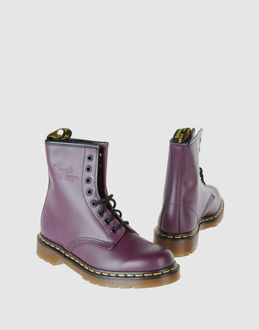 DR.MARTENS - CHAUSSURES - Rangers - sur YOOX.COM
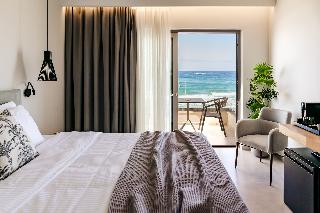 Batis Aero Beachfront Wellbeing Hotel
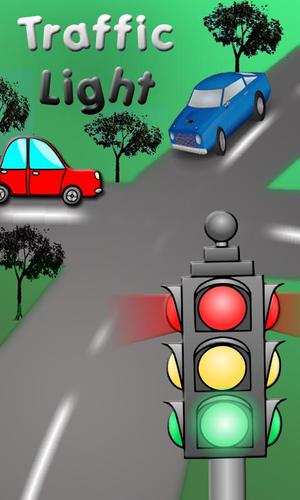 Ampelspiel Ampelspiel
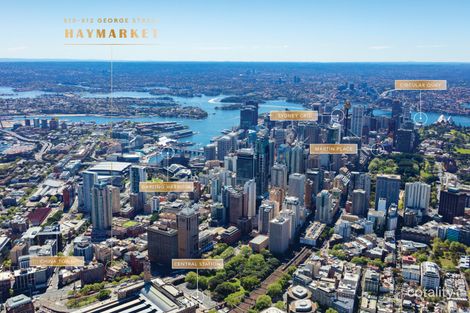 810-812a George St, Haymarket, NSW 2000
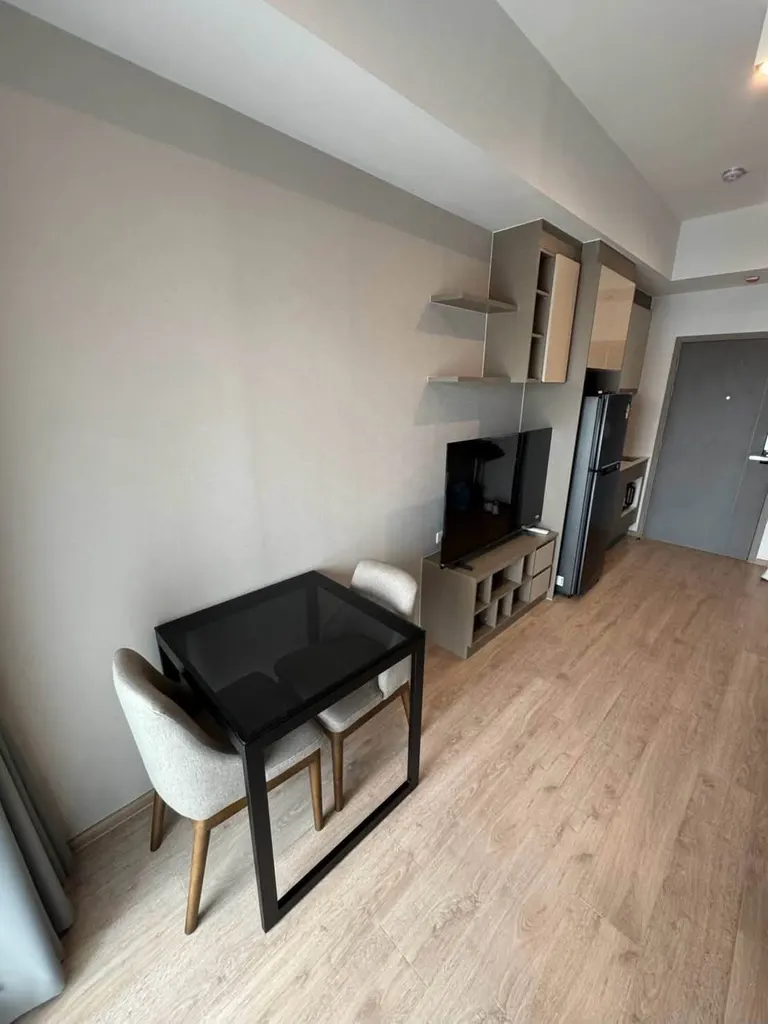 Photo 8 of listing DA-3341883: 1-bedroom condo (34 sq.m.) at Ideo Rama 9 - Asoke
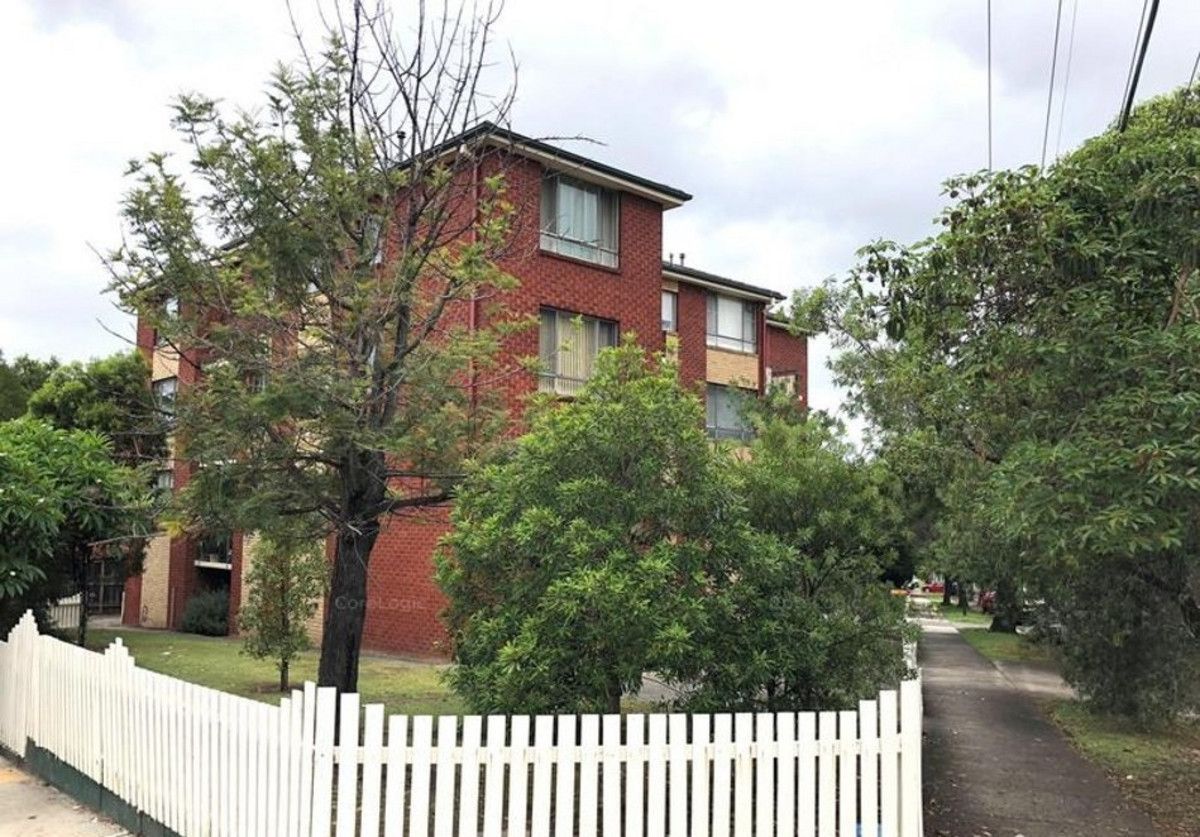 8/436 Liverpool Road, Croydon Property History & Address Research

• **Activity**
The records above are to be retyped exactly, with every picture left out.

• **Exercise response**
 DR.MARTENS - CHAUSSURES - Rangers - sur YOOX.COM
 Batis Aero Beachfront Wellbeing Hotel
 Ampelspiel Ampelspiel
 810-812a George St, Haymarket, NSW 2000
 Photo 8 of listing DA-3341883: 1-bedroom condo (34 sq.m.) at Ideo Rama 9 - Asoke
 8/436 Liverpool Road, Croydon Property History & Address Research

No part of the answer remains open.